**WHAT TO PRODUCE:** Each line, starting at the one with "vidaXL Parcel Drop" and running to the end of the data below, is to be set down again exactly, both ends included; leave pictures out.

*** PROVIDED MATERIAL Section Begins ***

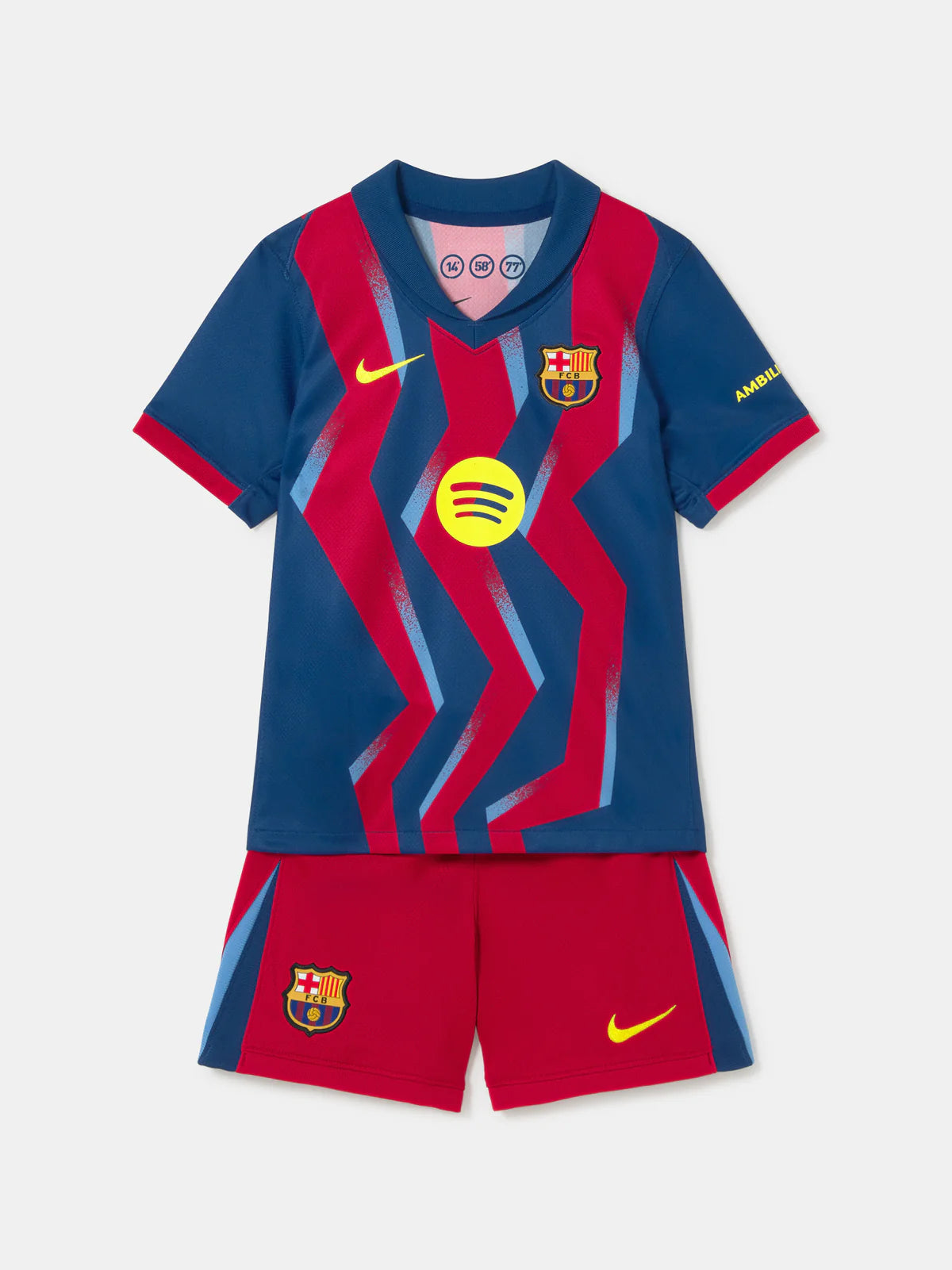Kid‘s Barcelona Fourth Away Soccer Jerseys (Jersey+Short+Socks) Kit 2025/26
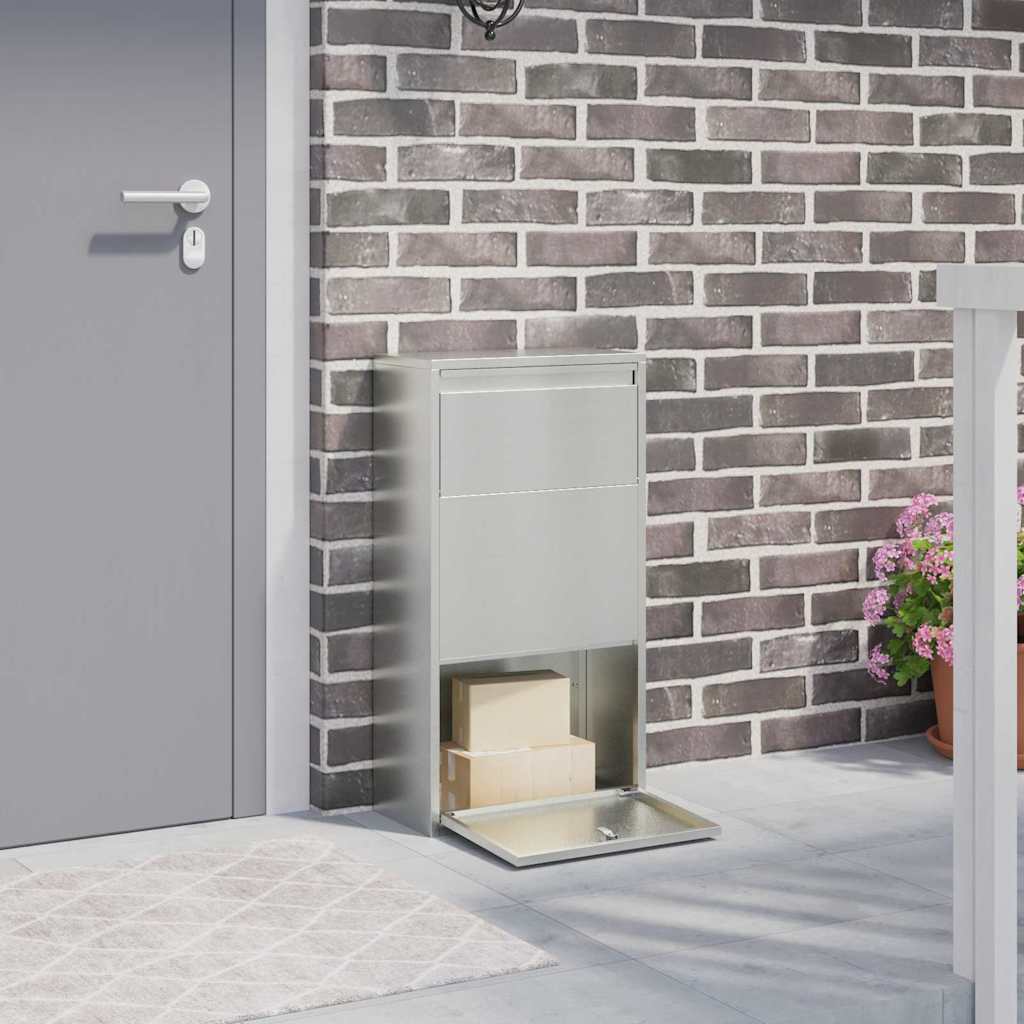 vidaXL Parcel Drop Box Silver 44 x 22 x 82 cm Galvanised Steel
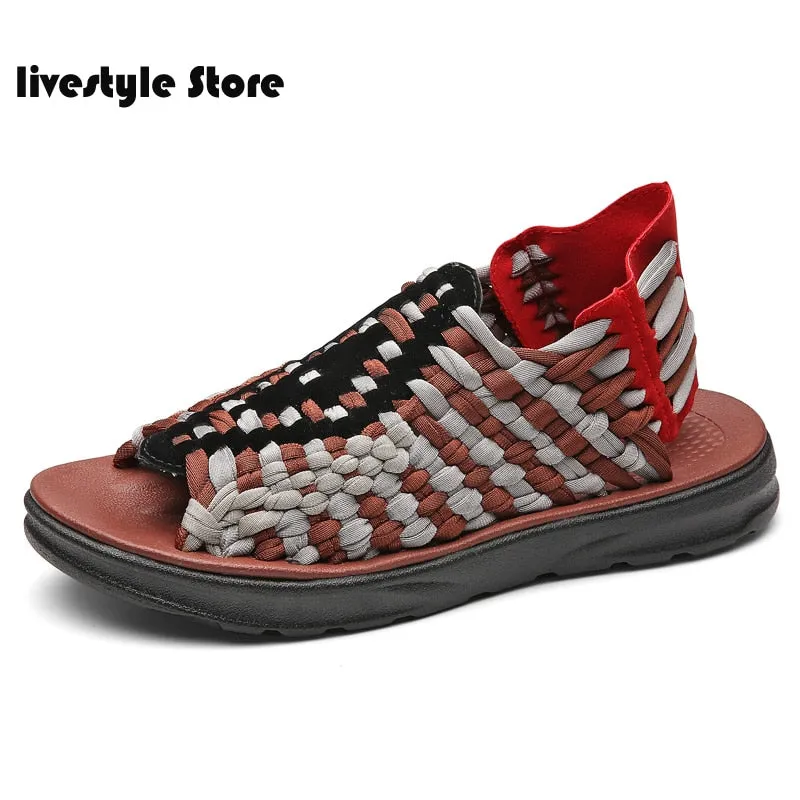 Sandals Cliffs By White Mountain 2021 New Summer Men Sandals Fashion Handmade Weaving Design Breathable Casual Beach Shoes Unique Brand Sandals For Men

*** PROVIDED MATERIAL Section Ends ***

**ANSWER FOR THIS EXERCISE:**
 vidaXL Parcel Drop Box Silver 44 x 22 x 82 cm Galvanised Steel
 Sandals Cliffs By White Mountain 2021 New Summer Men Sandals Fashion Handmade Weaving Design Breathable Casual Beach Shoes Unique Brand Sandals For Men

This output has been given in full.